In the past few months, we have seen a growing push, notably with the public statement of the SBTi Board of Trustees,¹ to allow companies and countries to use carbon credits to offset their emissions. This reflects a bigger trend² of bending carbon accounting rules, undermining actual emissions reductions.

Climate targets must focus primarily on reduction of greenhouse gas emissions within companies’ and countries’ own boundaries, including the phasing out of fossil fuel production, transport, sale and use. An urgent scale-up of financial support from both public and private actors is needed for this. But allowing companies and countries to meet climate commitments with carbon credits is likely to slow down global emission reductions while failing to provide anything like the scale of funds needed in the Global South, and reducing pressure to develop large-scale mechanisms such as “polluter pays” fees on emission-intensive sectors.
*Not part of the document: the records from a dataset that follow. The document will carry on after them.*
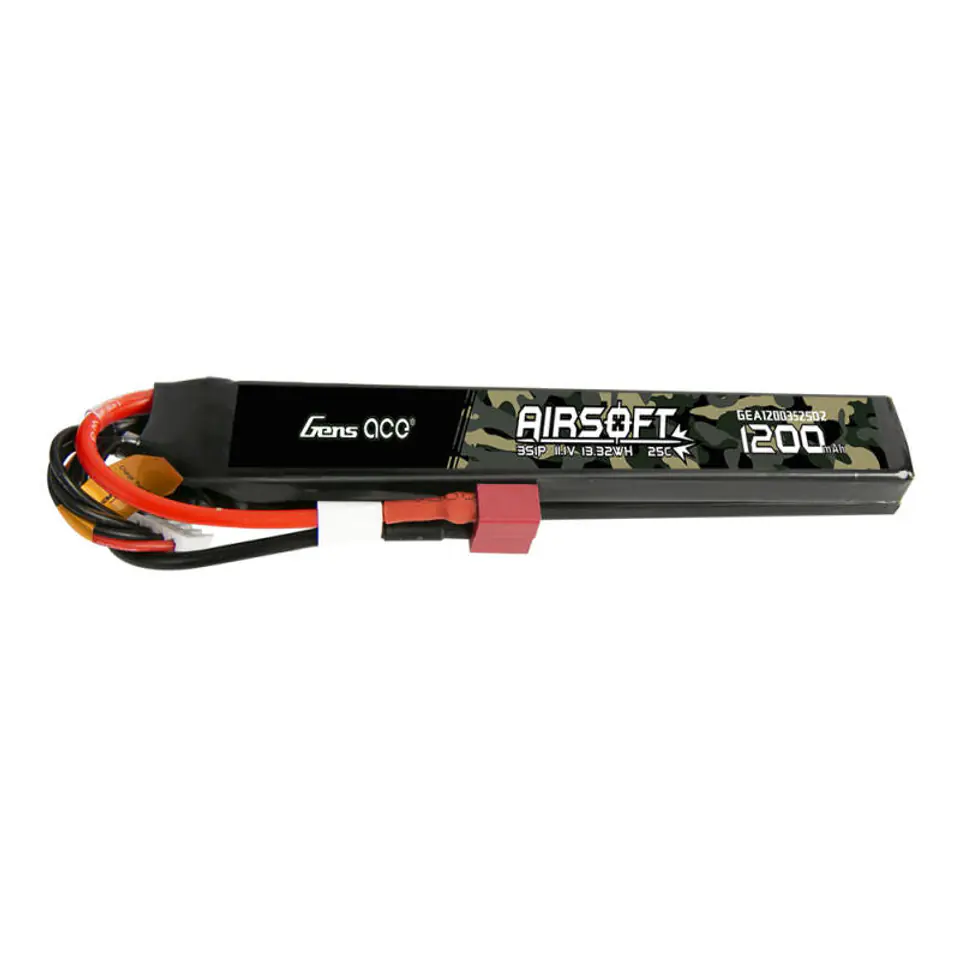 ⁨Akumulator Gens Ace 25C 1200mAh 3S1P 11.1V Saddle Airsoft Gun Lipo z konektorem T Plug⁩ w sklepie Wasserman.eu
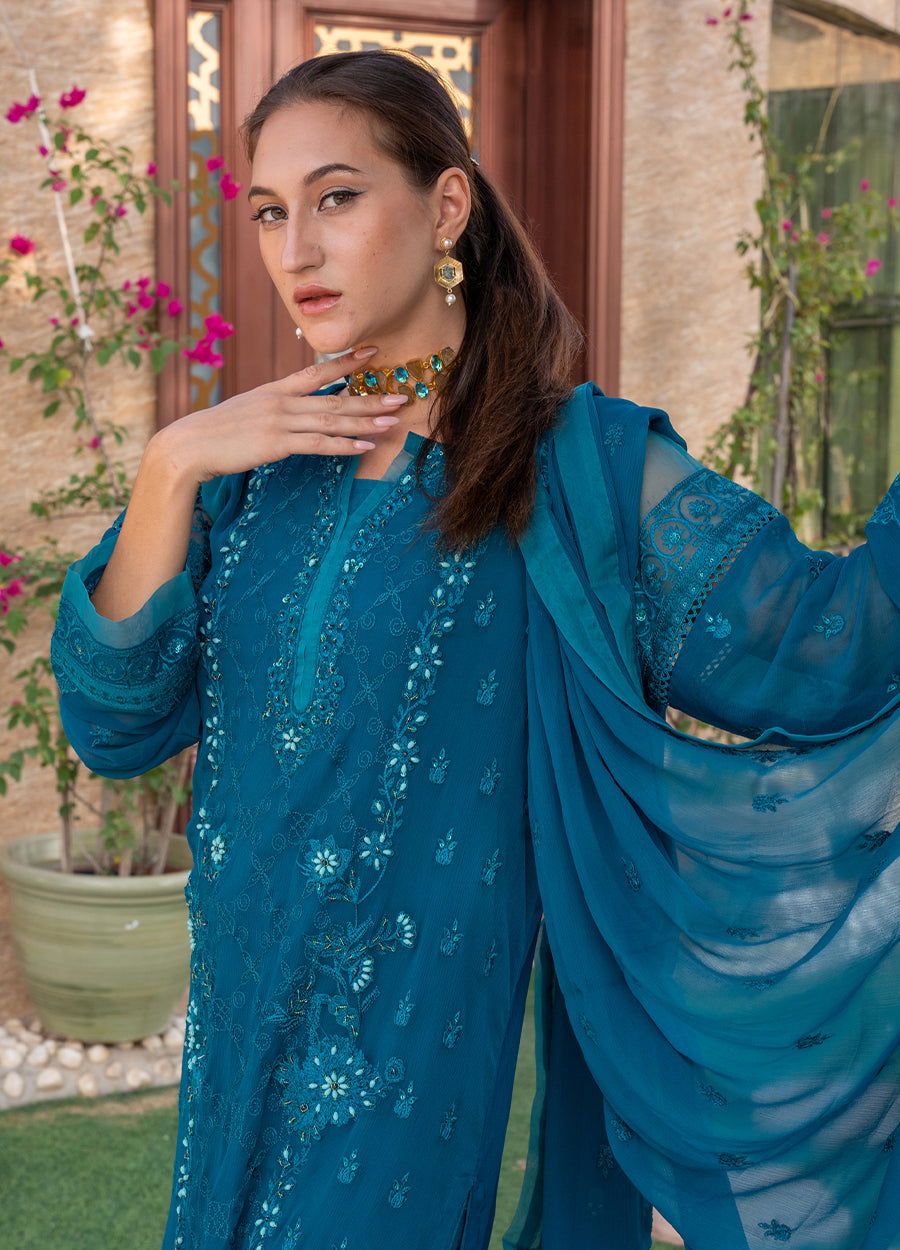 Iqraar  Embroidered Luxury Chiffon Unstitched 3pcs - Jotey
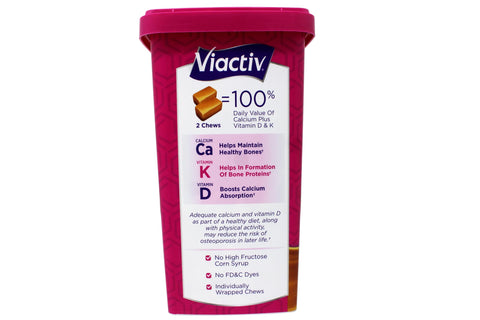 Viactiv Max Formula Calcium +Vitamin D3 Supplement for Bone Health Rich Caramel 100 Soft Chews 2 Pack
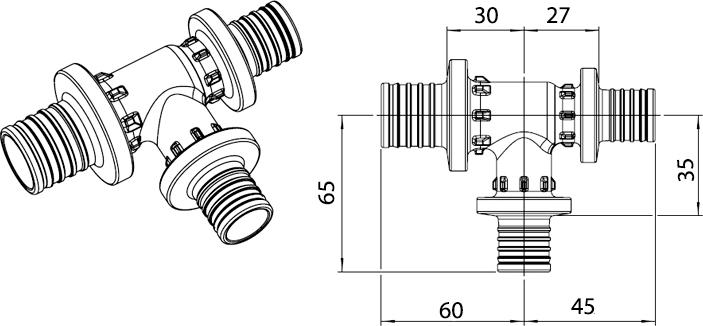 Тройник Rehau Rautitan PX 32-32-20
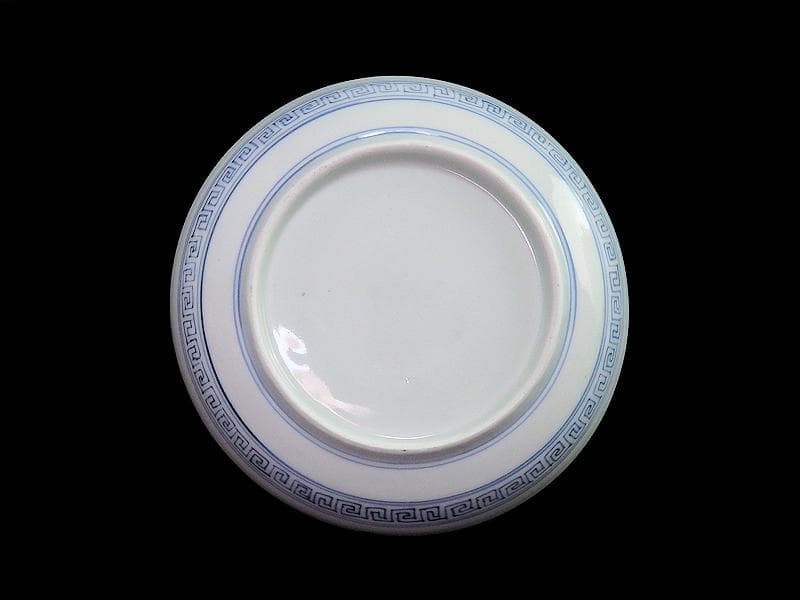 古伊万里 染付 線描き 草花紋の図 3寸半 手塩皿 2枚 E770AS-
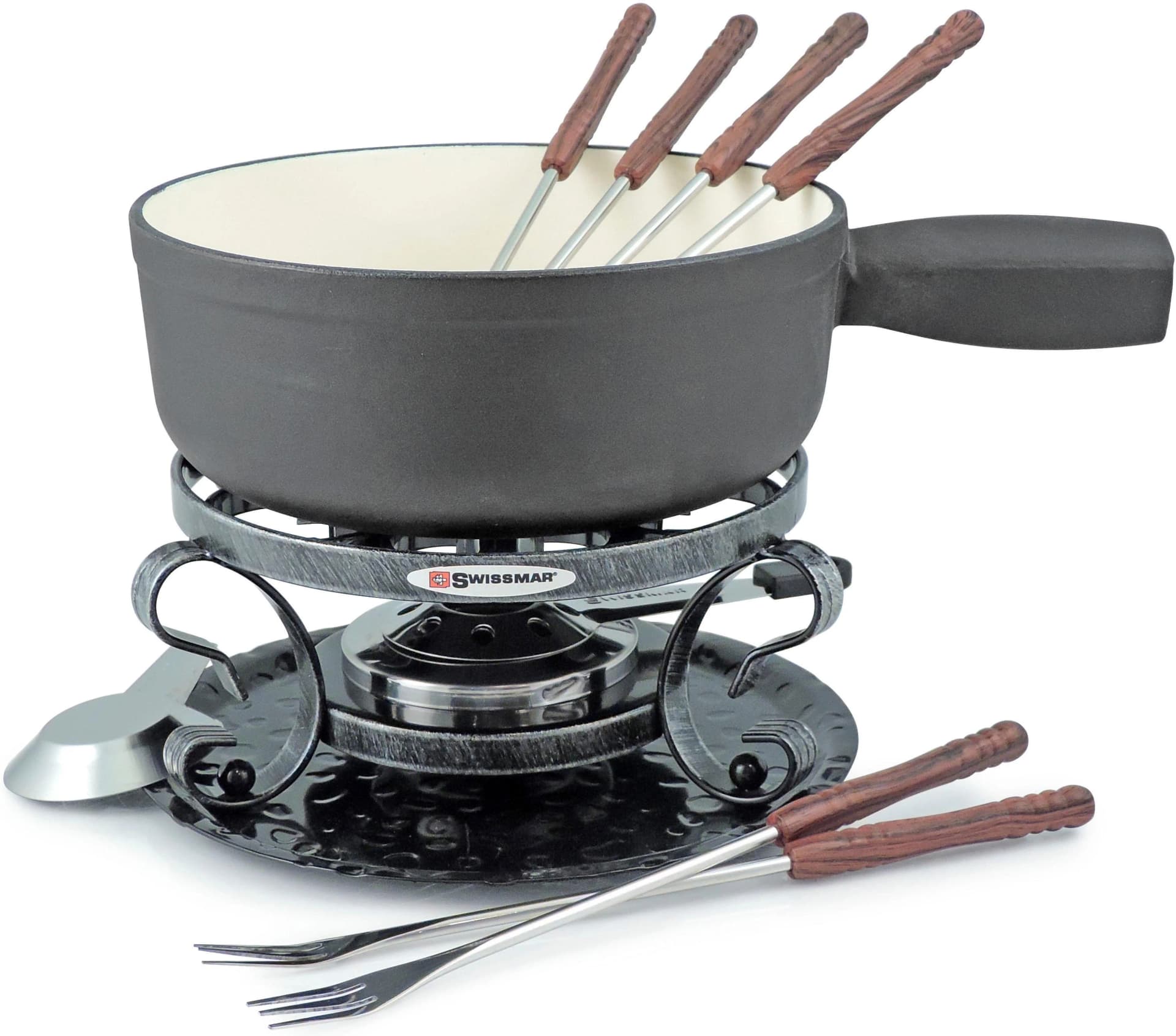 Fondue SWISSMAR Lugano Gusseisen 9-teilig inkl. 6 Fonduegabeln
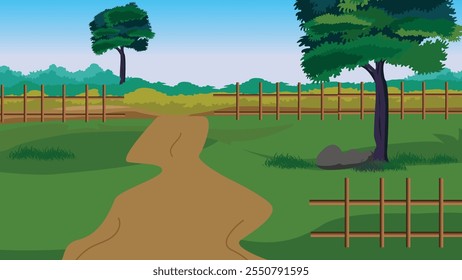 Vector illustration of village road vector art village tree background for cartoon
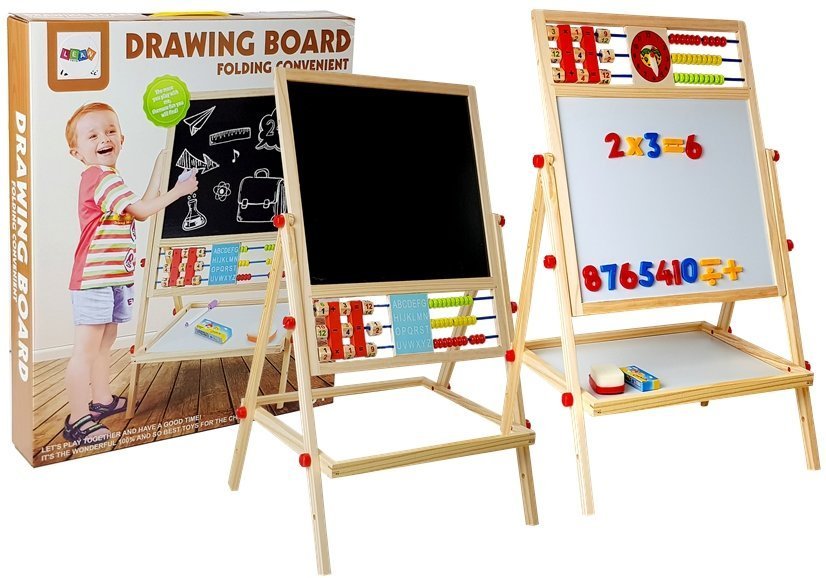 Fából készült 2 az 1-ben mágneses krétatábla + számok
The reasons we are concerned by the renewed efforts to promote carbon offsetting³ include the following:

1. Offsetting could delay climate action

First, it is essential to understand that offsetting, at best, does not reduce the concentration of GHGs in the atmosphere, it simply moves emission reductions from one place to another. The logic of offsetting is built on the idea that one entity gets to keep emitting.⁴ For this reason, offsetting often ends up providing the social license for high-emitting activities to continue while reinforcing past injustices. For instance, fossil fuel companies have claimed to be reducing emissions by investing in planting trees while increasing their production of coal, oil and gas.⁵

Peer-reviewed studies and reports⁶ show that corporate net-zero strategies regularly rely on carbon credits to meet emission reduction targets. In other words, if the use of carbon offset credits is allowed to meet emission reduction targets, there is a strong risk that the mitigation hierarchy is not followed, regardless of rhetorical pleas to prioritize reductions.

2. Carbon offsetting inherently lacks credibility

Scientific literature on the topic has shown significant quality issues with carbon crediting programs⁷ including:

  • the likelihood that the majority of the billions of credits created up to now are not additional, i.e. that any reduction in emissions would likely have happened regardless of the carbon market (thus undermining the entire rationale for carbon crediting);
  • the difficulty to set meaningful baselines, and the temptation to set unrealistic baselines and generate more carbon credits;
  • the potential leakage or rebound effects, e.g. by merely shifting deforestation away from a project area to nearby areas;
  • non-permanent carbon removal which is falsely equated with the reduction of (permanent) emissions from the combustion of fossil fuels;
  • and social and environmental harms uncovered by numerous investigations over decades showing that projects have e.g. been imposed without local consent or violated the land rights of Indigenous Peoples and local communities.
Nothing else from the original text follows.